Part of that probably has something to do with the fact that we are putting all of that responsibility on patients to go explain something that’s complicated to their family members, often while they’re dealing with their own disease. Part of my research is studying ways that we can communicate that information to family members. To this end, we’re looking at using different media such as videos, text messages, etc., to make [this information] more digestible for patients and their families.”
Jeffrey Fowler, MD
Jeffrey Fowler, MD: Professor of Gynecologic Oncology, Medical Director, Robotic Surgery Program, The Ohio State University Medical Center
“Although not me specifically, our group participates in many clinical trials. We have a large number of trials [ongoing], most of which are for patients with ovarian cancer. If you look at where we are now with standard therapies, those are the result of many clinical trials that have been done over the past 20 years. We’re quite dedicated to putting patients on clinical trials when appropriate and offering them that extra treatment option. That’s my main focus—taking care of patients with ovarian cancer, doing the surgery they need or not, and getting them onto clinical trials so that we can help them and the next [generation] of patients.”
Larry Copeland, MD
Larry Copeland, MD: Gynecologic Oncologist, The OSUCCC—James
“My current research is through the [Gynecologic Oncology Group [GOG]) Foundation, Inc.

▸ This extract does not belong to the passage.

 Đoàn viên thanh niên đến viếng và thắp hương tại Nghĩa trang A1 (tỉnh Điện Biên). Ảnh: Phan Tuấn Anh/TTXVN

I currently serve as the president of the GOG Foundation, Inc., and we do clinical trials with federal funding through the NRG Oncology membership and then we do clinical trials through sponsored funding via our GOG partners. The 2 directors of [that program] are Robert L. Coleman, MD, of The University of Texas MD Anderson Cancer Center, and Bradley J. Monk, MD, FACOG, FACS, of Arizona Oncology, and they do a great job with it. Several others are very active in interfacing with industry, designing trials, conducting advisory boards, and more. I just watch them and admire their intelligence and energy; that’s my role.”
Floor J. Backes, MD
Floor Backes, MD: Assistant Professor, Division of Gynecologic Oncology, Member, Cancer Control Program, OSUCCC¬—James
“We are doing a phase I study here that combines rucaparib (Rubraca) with mirvetuximab soravtansine, a folate receptor alpha—targeting ADC. That is a combination that we believe may be interesting for patients.”
Casey Cosgrove, MD
Casey Cosgrove, MD: Gynecologic Oncologist, OSUCCC—James
“My research mostly focuses on predictive and prognostic biomarkers. One thing that I hate as a gynecologic oncologist is sitting across from a patient whose cancer should not have come back on paper and they look at me and say, “How did this cancer come back?” We’re trying to figure out the building blocks of cancer [to understand] what makes them come back. If I can identify something in a tumor that might put a patient at high risk, even though it might be bland on paper, then we can maybe treat them more aggressively upfront, and hopefully, keep the cancer away.”
Sarah Crafton, MD
Sarah Crafton, MD: Gynecologic Oncologist, Allegheny Health Network
“When I was a fellow, my lab mentor, John Hays, MD, PhD, of OSUCC, and I, [explored] some targeted therapies in [patients with] endometrial cancer that we had been focusing on, specifically in the PI3K/AKT/mTOR pathway. That data led to his phase I trial of MLN0128 and bevacizumab (Avastin) for the treatment of patients with recurrent endometrial cancers. That trial has been closed, and I believe it will be presented in the very near future. It was exciting to see that bench research led to a trial, and that [the combination] seems to have efficacy and tolerability.”